A little disappointed in Grizzly

  1. William Unrue
    William Unrue
    I recently purchased a Grizzly G0632Z and it was delivered on Thursday. UPS Frieght was a nightmare by the way. But back to the lathe. I set it up Friday evening and powered it up. Immediately it started making aloud tapping noise. When I put my hand on the headstock I could definitely feel something rubbing or hitting and I Immediately turned it off. I called tech support this morning and it appears to be a bad bearing on the spindle. So the headstock has to be shipped back to Grizzly for repair or replacement. The kicker is that I have to build the shipping container to return it. I absolutely don't think that I should have to use my money or resources for this. Also it's obvious that the lathe was not test run at the factory or it was and they shipped it anyways with the bad bearing. After saving for a year to purchase this lathe I am highly disappointed and pissed. Thanks for listening, rant over....
  2. Brice Rogers
    Brice Rogers
    Hi William and welcome to the group.

    There are a number of things that can result in a knocking or tapping noise. Here are some of the things that I've come across and easily fixed or adjusted on my G0766 (similar to G0732Z) I think:

    1. The upper pulley wasn't as tight as it should have been and/or the keyway was not into the pulley far enough. It took over a year of use for this to show up.
    2. When turning a slightly out of balance round, the knocking was the result of ME forgetting to tighten the headstock to the bed. Duh!

    I've also read about one of the magnets in the rpm sensor being out of adjustment (probably hitting the plastic thing next to it).

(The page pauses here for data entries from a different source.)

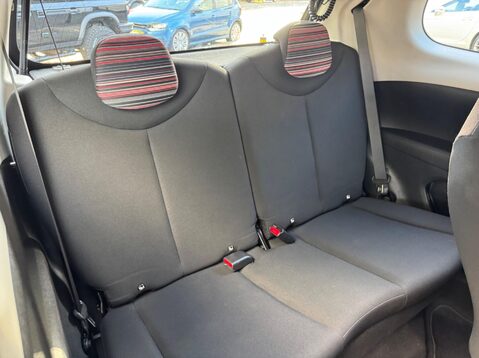 Citroen C1 FEEL 57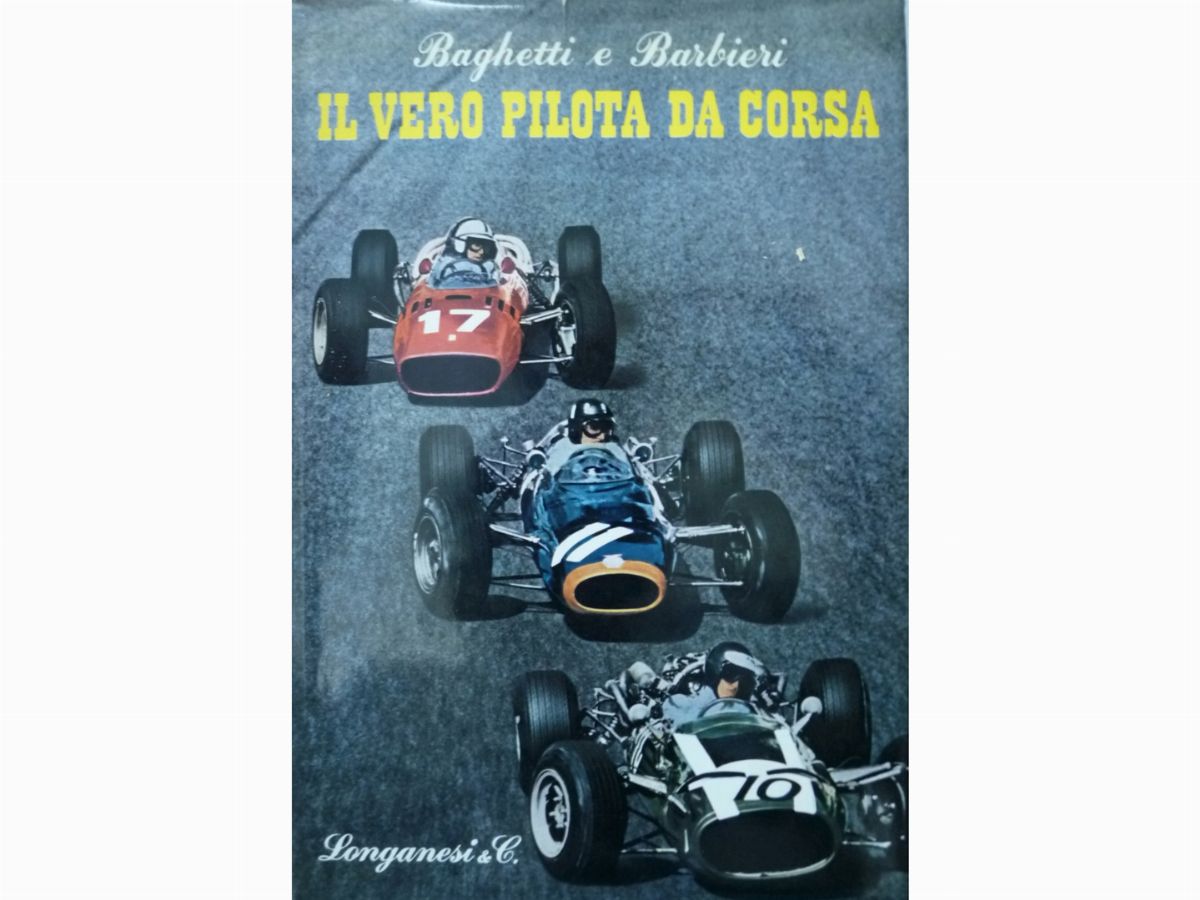Lotto di Libri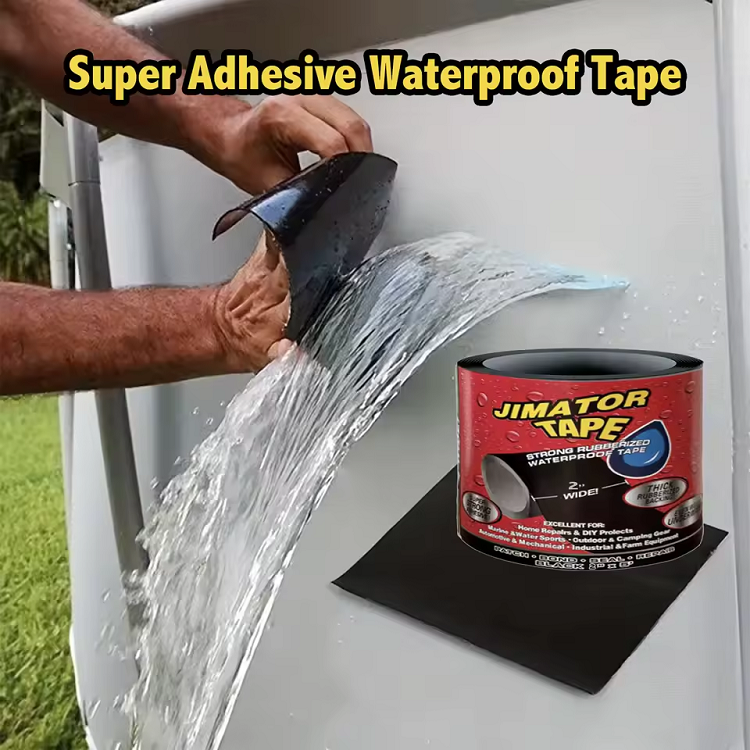 Super Strong Waterproof Tape شريط لاصق فائق القوة مقاوم للماء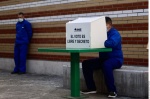 Inicia proceso electoral en cárceles de la CDMX 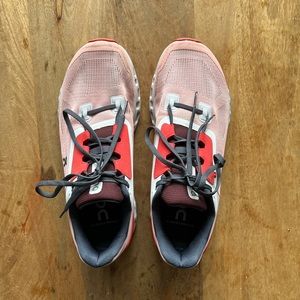 On Running Women’s Running Shoes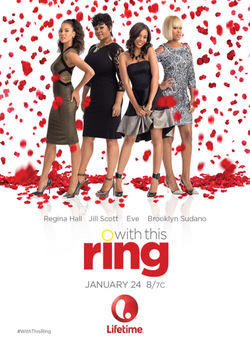 План заміжжя / With This Ring (2015)...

The gap should be about a business card thickness.

    end part 1
  3. Brice Rogers
    Brice Rogers
    Part 2:
    Some things that you might do before you start making your crate and shipping back the headstock is to run the motor without the belt to confirm that the sound isn't coming from the motor. While you have the belt off, rotate the spindle by hand and try to detect if there is a rough spot or a spot where a click could be felt. Something that I've successfully used for over 30 years is a mechanics stethoscope. It has a metal rod on one end and a headpiece (goes in your ears) on the other end. You touch various parts with the rod. That way you can isolate whether the noise is coming from one of the bearings or from something else.

  4. Brice Rogers
    Brice Rogers
    Part 3:

    I had an early G0766 and had an issue with the spindle and they wanted me to send in my headstock (requiring me to make a crate) for a swap out. I talked them into sending me the replacement headstock in THEIR crate and promised to ship them back the headstock in THEIR crate. So, it is not impossible to talk them into shipping the headstock to you in a crate that you can re-use.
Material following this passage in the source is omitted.